Figures 3 and 4 summarise the results for the relevant condition (there were 30 subjects for this condition). The results are divided into two planes, short and long, and the vowels in the /h_d/ tokens were presented either short or long (150 and 300 msecs respectively, which are typical durations for Aus.E. vowels in /h_d/ frames uttered in citation format (Bernard & Mannell, 1986)). The actual tokens produced can be found at the grid intersections in the diagrams (ie. 100 Hz spacing in F1 and F2). The diagrams show up to 3 contours for each perceived vowel. The area inside the inner contour (dark red fill) contains tokens perceived as that particular vowel by 75% or more subjects. The area between the next contour and the inner contour (light grey fill) contains tokens perceived by 50-75% of the subjects. This 50% contour is the "predominance boundary" of Nearey (1977) within which a particular vowel percept predominates. The next contour is the 25% contour and the area it encloses is not shaded as this area is typically the area of perceptual overlap with adjacent phonemes.

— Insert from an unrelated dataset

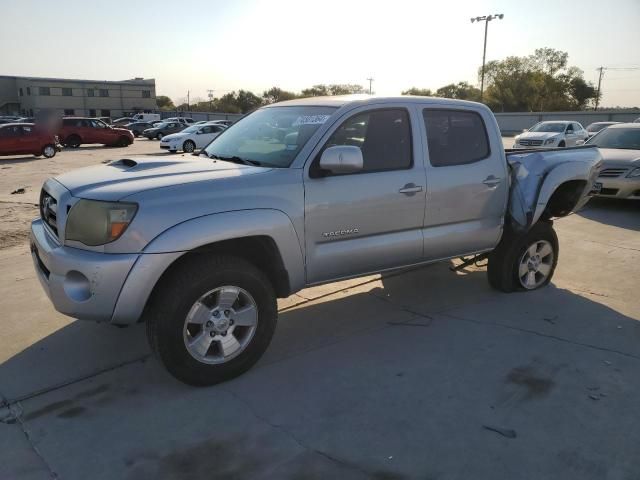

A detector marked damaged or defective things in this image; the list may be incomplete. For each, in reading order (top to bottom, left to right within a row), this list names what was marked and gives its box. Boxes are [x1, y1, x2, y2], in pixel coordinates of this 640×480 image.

detached fender flare [532, 162, 592, 226]
detached fender flare [112, 208, 304, 324]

Figure 3: Perceptual (F1/F2) space of Australian English subjects listening to a synthetic male voice producing SHORT vowels. 75% (dark red fill), 50% (light grey fill) and 25% identification contours are shown. (Mannell, 1988)

Figure 4: Perceptual (F1/F2) space of Australian English subjects listening to a synthetic male voice producing LONG vowels. 75% (dark red fill), 50% (light grey fill) and 25% identification contours are shown. (Mannell, 1988)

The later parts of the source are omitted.